🤖 AI Summary
To address the challenges of infinite categories and scarce annotations in open-vocabulary panoptic segmentation, this paper introduces BEiT-3—the first multimodal pretrained model—into this task, proposing an end-to-end framework based on a Vision-Language Multiway Transformer. The method integrates cross-modal attention with joint panoptic decoding, enabling synergistic optimization of object detection, instance segmentation, and semantic classification.
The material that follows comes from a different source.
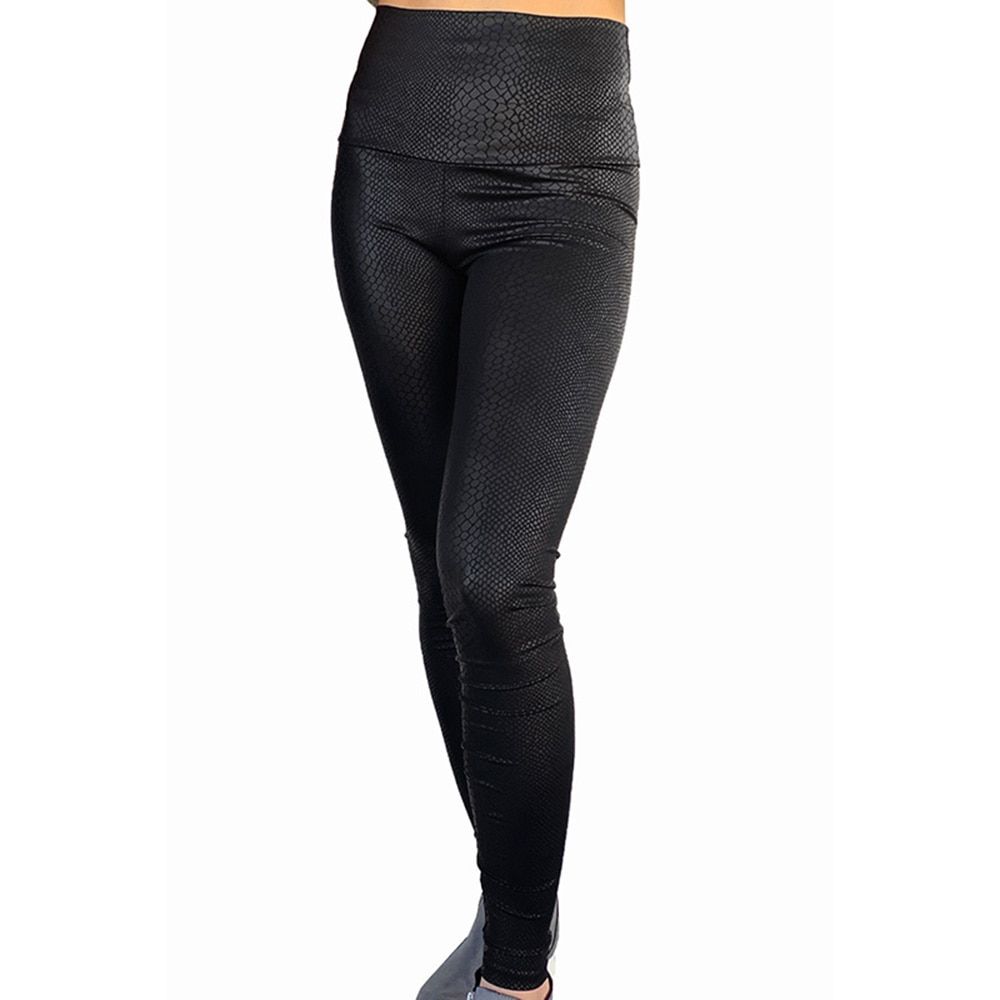 Women High Waist Black Leggings Leopard Textured Stretchy Faux Leather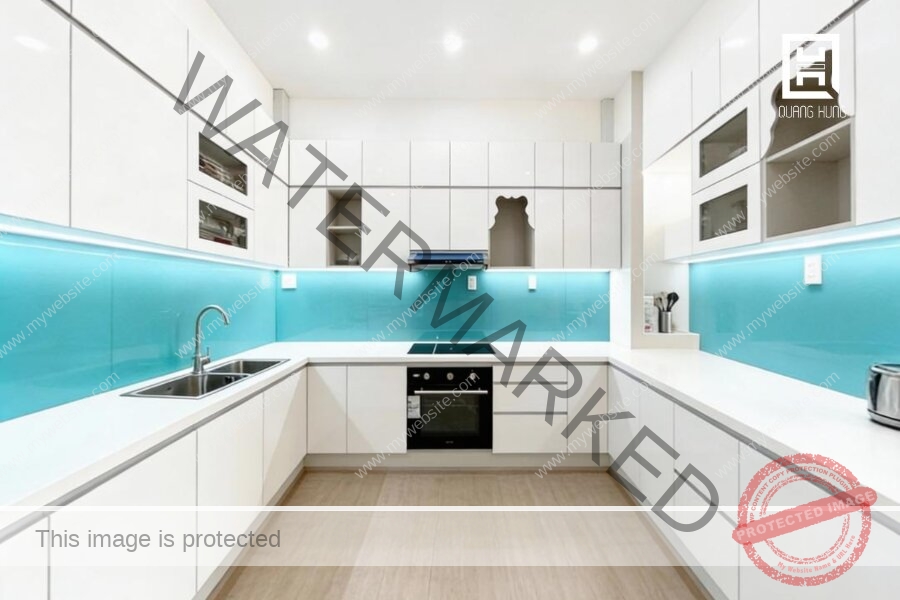 Tủ bếp chữ U màu trắng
This design significantly enhances zero-shot generalization to unseen categories. On standard benchmarks, our approach consistently outperforms state-of-the-art CLIP-based methods across all open-vocabulary metrics—including detection, segmentation, and classification—demonstrating substantial improvements. These results validate BEiT-3’s effectiveness in fine-grained vision-language alignment and open-set understanding for panoptic segmentation.
📝 Abstract
Open-vocabulary panoptic segmentation remains a challenging problem. One of the biggest difficulties lies in training models to generalize to an unlimited number of classes using limited categorized training data. Recent popular methods involve large-scale vision-language pre-trained foundation models, such as CLIP. In this paper, we propose OMTSeg for open-vocabulary segmentation using another large-scale vision-language pre-trained model called BEiT-3 and leveraging the cross-modal attention between visual and linguistic features in BEiT-3 to achieve better performance. Experiments result demonstrates that OMTSeg performs favorably against state-of-the-art models.